Research has shown that unintended pregnancies in the United States cost taxpapers as much as $12.6 billion every year. A 2011 study in Perspectives on Sexual and Reproductive Health found that states’ unintended-pregnancy rates vary considerably: In Mississippi there are 69 for every 1,000 women, more than twice New Hampshire’s rate, 36 per 1,000 women; the median U.S. rate is 51 per 1,000 women. On average, 53% of all pregnancies in the United States are unintended, the study shows.

Unintended-pregnancy rates in the U.S. (Finer, Kost)

As part of the Affordable Care Act, which comes more fully into force in 2014, the White House moved ahead with a ruling that requires that most U.S. companies provide free insurance coverage for contraception for employees. The ruling came despite protests from religious organizations, and mandates coverage for a broad range of women’s health services, including FDA-approved birth control. (This has led to speculation that this issue may be taken to the Supreme Court.)

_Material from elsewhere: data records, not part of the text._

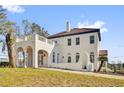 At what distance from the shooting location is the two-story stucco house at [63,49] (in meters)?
19.5

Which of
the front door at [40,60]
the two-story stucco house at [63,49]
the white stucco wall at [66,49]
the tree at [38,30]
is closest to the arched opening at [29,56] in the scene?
the two-story stucco house at [63,49]

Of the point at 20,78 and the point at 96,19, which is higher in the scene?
the point at 96,19

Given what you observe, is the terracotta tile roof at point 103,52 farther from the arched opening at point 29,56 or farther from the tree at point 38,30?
the arched opening at point 29,56

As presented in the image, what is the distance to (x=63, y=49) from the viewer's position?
2159 centimetres

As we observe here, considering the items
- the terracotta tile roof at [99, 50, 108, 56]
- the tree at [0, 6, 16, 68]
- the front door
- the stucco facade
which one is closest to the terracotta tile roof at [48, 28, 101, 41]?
the stucco facade

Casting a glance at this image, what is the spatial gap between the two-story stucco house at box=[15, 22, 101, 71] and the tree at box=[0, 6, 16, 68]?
1448 millimetres

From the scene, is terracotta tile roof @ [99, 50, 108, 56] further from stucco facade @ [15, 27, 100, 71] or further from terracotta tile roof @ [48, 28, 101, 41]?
terracotta tile roof @ [48, 28, 101, 41]

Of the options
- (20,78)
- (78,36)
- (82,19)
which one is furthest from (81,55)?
(20,78)

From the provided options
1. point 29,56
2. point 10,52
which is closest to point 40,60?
point 29,56

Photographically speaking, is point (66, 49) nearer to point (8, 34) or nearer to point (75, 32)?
point (75, 32)

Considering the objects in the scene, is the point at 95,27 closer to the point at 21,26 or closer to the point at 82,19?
the point at 82,19

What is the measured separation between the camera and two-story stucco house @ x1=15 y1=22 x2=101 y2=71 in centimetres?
1947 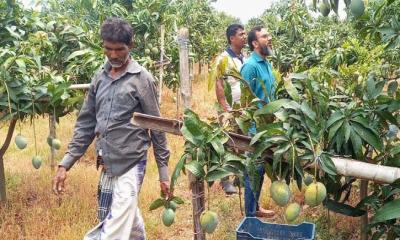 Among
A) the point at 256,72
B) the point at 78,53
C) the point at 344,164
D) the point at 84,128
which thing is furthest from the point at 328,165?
the point at 78,53

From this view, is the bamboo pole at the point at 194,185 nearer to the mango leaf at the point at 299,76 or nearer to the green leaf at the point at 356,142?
the mango leaf at the point at 299,76

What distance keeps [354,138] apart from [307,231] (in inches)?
28.4

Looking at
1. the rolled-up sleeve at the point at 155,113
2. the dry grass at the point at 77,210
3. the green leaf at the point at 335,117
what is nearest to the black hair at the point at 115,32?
the rolled-up sleeve at the point at 155,113

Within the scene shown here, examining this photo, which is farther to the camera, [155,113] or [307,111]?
[155,113]

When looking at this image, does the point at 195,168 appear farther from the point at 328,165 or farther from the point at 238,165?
the point at 328,165

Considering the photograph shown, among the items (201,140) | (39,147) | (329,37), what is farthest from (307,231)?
(329,37)

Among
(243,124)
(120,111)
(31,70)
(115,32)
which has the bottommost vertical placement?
(243,124)

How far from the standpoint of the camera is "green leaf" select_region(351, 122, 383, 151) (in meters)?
1.98

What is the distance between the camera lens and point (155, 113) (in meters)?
2.37

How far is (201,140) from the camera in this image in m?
1.87

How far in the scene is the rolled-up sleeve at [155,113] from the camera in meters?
2.35

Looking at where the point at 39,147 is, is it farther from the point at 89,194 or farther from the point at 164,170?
the point at 164,170

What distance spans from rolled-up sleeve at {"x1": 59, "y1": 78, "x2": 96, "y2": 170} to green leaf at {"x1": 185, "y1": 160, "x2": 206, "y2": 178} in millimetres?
878

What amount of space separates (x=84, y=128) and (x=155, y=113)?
0.42 metres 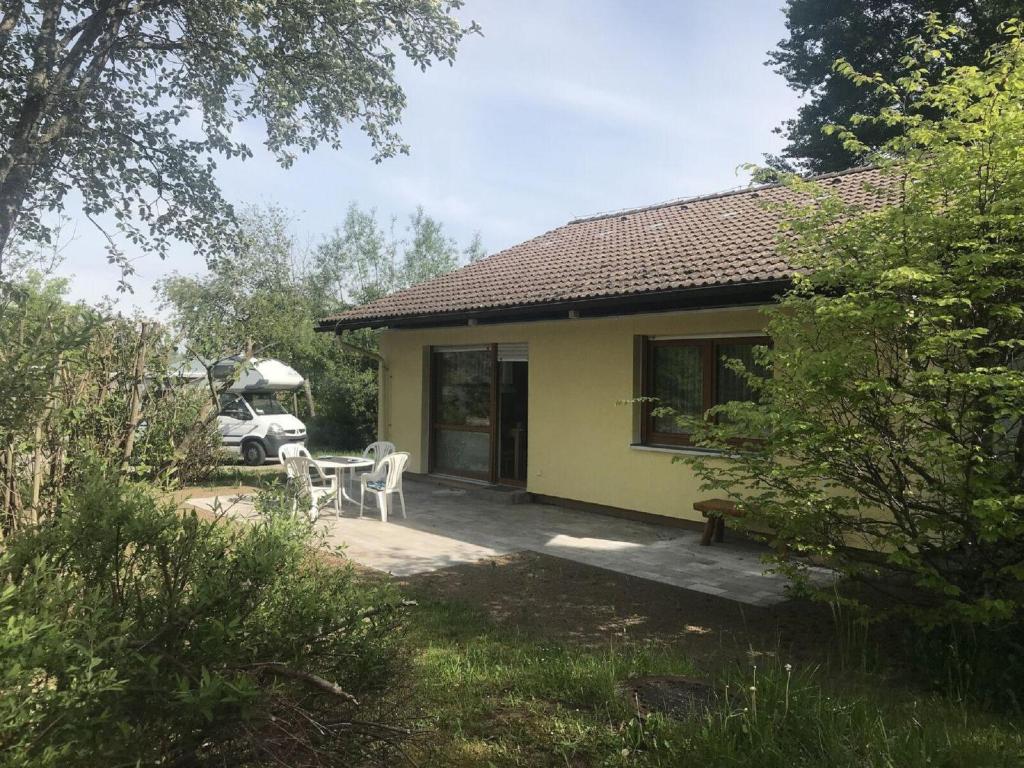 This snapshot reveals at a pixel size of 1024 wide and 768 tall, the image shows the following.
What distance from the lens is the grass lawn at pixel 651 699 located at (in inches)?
114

A 2012 study from Washington University in St. Louis published in Obstetrics & Gynecology, “Preventing Unintended Pregnancies by Providing No-Cost Contraception,” analyzes the relationship between free access to effective birth control and abortion rates. The researchers, Jeffrey F. Peipert, Tessa Madden, Jenifer E. Allsworth and Gina M. Secura, based their work on data from the Contraceptive CHOICE Project. The St. Louis initiative provided no-cost contraception for two to three years to 9,256 women at risk for unintended pregnancy. Using data from the Missouri Department of Health and Senior Services, as well as Planned Parenthood, the researchers were able to compare the rate of teen births and the percentage of repeat abortions — proxies for unintended pregnancies — of those in the CHOICE group with rates in the remaining metropolitan area and across the United States.

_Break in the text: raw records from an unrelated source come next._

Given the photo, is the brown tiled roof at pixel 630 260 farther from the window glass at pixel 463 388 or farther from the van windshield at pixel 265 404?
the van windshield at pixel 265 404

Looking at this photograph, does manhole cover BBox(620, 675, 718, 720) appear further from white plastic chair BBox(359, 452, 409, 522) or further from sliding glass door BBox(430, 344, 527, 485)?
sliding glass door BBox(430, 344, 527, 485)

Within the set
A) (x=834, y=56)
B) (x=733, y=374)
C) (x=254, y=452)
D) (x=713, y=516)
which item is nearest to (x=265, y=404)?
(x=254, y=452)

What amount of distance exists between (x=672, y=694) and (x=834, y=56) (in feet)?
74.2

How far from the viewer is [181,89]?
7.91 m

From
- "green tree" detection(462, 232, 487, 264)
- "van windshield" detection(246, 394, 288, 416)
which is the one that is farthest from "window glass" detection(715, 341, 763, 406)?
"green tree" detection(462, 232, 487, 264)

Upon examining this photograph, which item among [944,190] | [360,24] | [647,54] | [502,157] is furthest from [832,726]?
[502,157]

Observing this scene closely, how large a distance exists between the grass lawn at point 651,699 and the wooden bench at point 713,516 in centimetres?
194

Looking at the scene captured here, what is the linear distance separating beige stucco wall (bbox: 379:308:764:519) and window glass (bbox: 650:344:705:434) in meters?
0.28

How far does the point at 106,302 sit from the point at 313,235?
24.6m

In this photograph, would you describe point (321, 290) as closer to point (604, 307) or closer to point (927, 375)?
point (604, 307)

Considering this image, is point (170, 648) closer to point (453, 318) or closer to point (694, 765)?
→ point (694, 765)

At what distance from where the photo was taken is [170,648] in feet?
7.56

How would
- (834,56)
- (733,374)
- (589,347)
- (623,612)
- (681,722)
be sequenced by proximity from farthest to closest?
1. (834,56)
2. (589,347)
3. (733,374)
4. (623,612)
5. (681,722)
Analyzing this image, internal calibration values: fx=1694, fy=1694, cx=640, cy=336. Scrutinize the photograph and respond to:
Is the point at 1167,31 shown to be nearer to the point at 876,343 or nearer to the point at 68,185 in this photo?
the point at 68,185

Key findings from the study include:

  • Participants in the CHOICE program showed a significant reduction in abortion rates, repeat abortions, and teenage birth rates: The birth rate among participants aged 15 to 19 years was 6.3 per 1,000 compared with the national rate of 34.3. This represents an 82% reduction.
  • Between 2008 and 2010, abortion rates for study participants ranged from 4.4 to 7.5 per 1,000 women, compared with regional rates between 13.4 and 17 and the national rate of 19.6.
  • Intrauterine devices (IUDs) and contraceptive implants — often referred to as long-acting reversible contraceptive (LARC) methods — are not as highly used in the United States compared with other developed countries, where unintended pregnancy rates are lower. Related research shows that such long-lasting methods are much more effective than birth-control pills and other options.
  • If no-cost contraception) were made available to the entire population of the sample region, the researchers estimate one abortion could be avoided for every 79 to 137 women and teenagers. Nationally, they estimate it could prevent as many as 62% to 78% of abortions performed annually.

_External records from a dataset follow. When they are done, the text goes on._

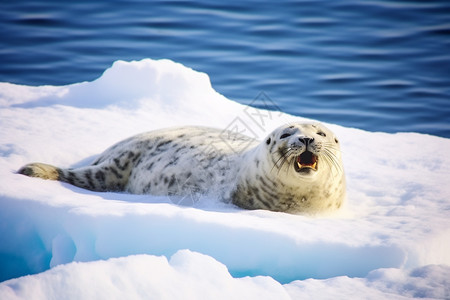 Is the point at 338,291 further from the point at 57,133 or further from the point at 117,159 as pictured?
the point at 57,133

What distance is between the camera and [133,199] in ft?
17.1

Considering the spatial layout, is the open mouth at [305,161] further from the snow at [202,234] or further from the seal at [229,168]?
the snow at [202,234]

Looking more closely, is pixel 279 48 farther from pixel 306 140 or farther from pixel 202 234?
pixel 202 234

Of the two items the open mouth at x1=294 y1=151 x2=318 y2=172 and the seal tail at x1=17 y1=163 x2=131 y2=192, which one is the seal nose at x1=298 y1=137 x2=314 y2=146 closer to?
the open mouth at x1=294 y1=151 x2=318 y2=172

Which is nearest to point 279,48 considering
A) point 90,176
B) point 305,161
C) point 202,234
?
point 90,176

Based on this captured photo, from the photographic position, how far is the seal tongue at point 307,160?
4922 mm

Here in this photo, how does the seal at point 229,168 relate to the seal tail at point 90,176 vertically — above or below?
above

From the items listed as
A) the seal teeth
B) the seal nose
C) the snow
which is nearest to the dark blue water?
the snow

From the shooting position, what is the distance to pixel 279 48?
12234mm

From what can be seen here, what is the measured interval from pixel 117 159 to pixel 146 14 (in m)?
8.61

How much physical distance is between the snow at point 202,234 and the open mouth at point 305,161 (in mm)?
345

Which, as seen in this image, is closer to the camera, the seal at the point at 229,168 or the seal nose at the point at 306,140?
the seal nose at the point at 306,140

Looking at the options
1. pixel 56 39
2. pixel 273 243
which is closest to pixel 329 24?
pixel 56 39

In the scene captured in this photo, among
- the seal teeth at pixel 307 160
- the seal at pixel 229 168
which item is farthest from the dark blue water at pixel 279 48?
the seal teeth at pixel 307 160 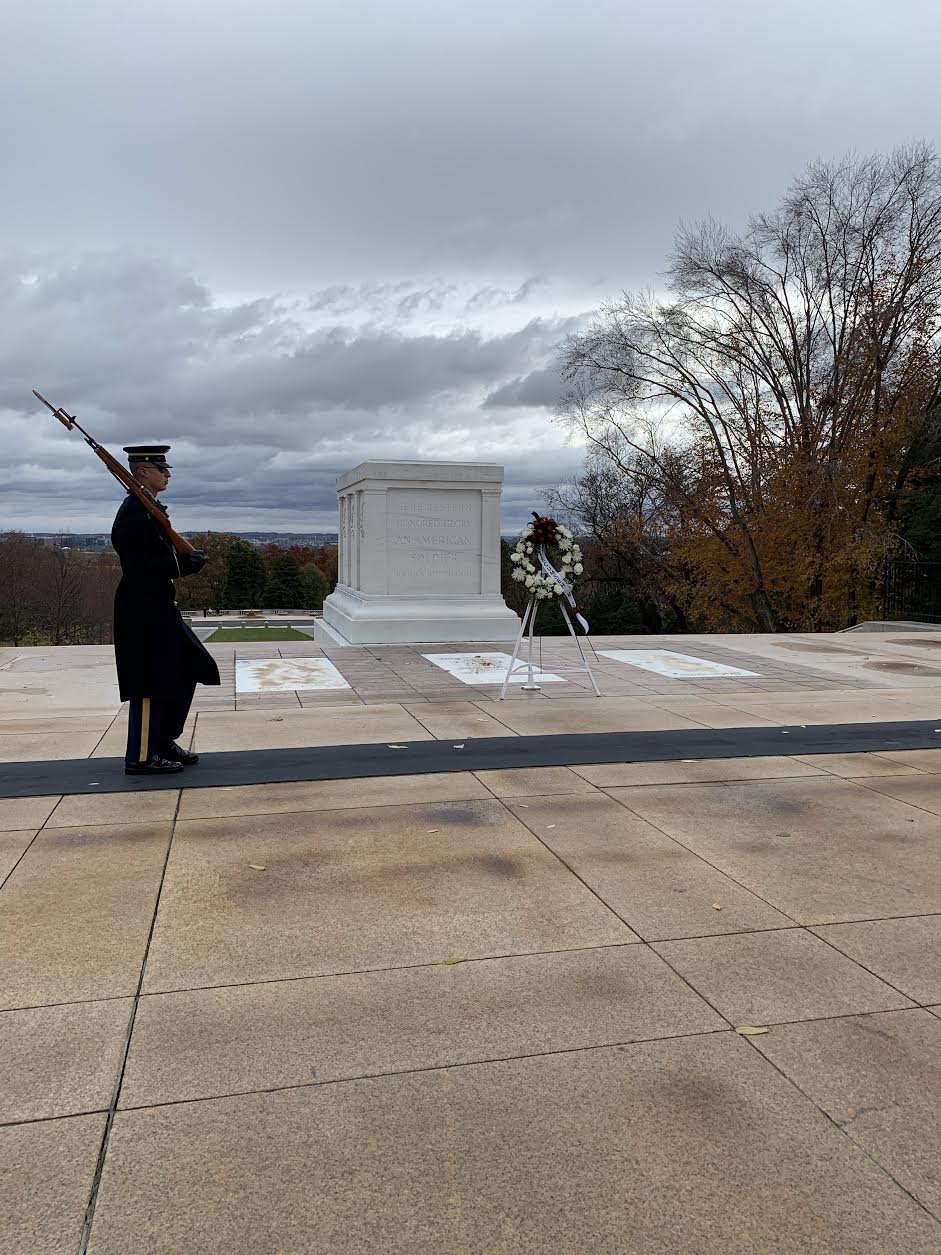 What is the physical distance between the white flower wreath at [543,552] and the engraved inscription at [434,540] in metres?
5.90

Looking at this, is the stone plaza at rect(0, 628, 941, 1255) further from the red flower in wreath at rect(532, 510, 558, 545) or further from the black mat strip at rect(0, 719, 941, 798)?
the red flower in wreath at rect(532, 510, 558, 545)

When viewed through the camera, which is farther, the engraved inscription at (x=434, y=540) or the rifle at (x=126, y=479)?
the engraved inscription at (x=434, y=540)

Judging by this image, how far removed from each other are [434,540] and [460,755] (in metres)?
9.01

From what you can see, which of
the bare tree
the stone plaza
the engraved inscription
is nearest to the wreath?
the stone plaza

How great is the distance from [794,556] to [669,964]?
83.7 ft

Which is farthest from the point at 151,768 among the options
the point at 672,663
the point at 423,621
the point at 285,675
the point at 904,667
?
the point at 904,667

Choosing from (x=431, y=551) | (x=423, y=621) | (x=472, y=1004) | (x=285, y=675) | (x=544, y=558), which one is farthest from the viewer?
(x=431, y=551)

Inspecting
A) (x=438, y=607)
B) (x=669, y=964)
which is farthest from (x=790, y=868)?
(x=438, y=607)

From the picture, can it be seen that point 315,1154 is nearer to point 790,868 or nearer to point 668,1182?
point 668,1182

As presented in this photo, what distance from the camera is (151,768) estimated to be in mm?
6098

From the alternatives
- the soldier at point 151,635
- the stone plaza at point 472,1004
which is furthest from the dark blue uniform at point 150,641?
the stone plaza at point 472,1004

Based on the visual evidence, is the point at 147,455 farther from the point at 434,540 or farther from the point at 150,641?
the point at 434,540

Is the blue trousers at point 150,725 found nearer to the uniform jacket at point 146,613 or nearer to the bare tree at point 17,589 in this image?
the uniform jacket at point 146,613

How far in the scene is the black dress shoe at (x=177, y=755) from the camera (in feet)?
20.3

The researchers of this study note that the Contraceptive CHOICE Project provided participants with free access to all FDA-approved contraceptive methods, simulating the results in their region of the birth control mandate of the ACA coming into effect. The authors ultimately conclude that based on their findings, “unintended pregnancies could be reduced by providing no-cost contraception and promoting effective, underused contraceptive methods.”

Additional data on family-planning services provided by the U.S. government under Title X of the Public Health Services act are available from the U.S. Department of Health and Human Services’ Office of Population Affairs.

A related 2012 study, “Effectiveness of Long-acting Reversible Contraception,” examines a range of contraception methods and finds that the failure rates for birth-control pills, patch or ring over the first three years were were 4.8%, 7.8%, and 9.4%, respectively. By comparison, the failure rates over the first three years for IUDs or implants were 0.3%, 0.6%, and 0.9%. “IUDs and implants were thus 10 to 16 times as effective as the other long-term contraceptive options,” the researchers conclude.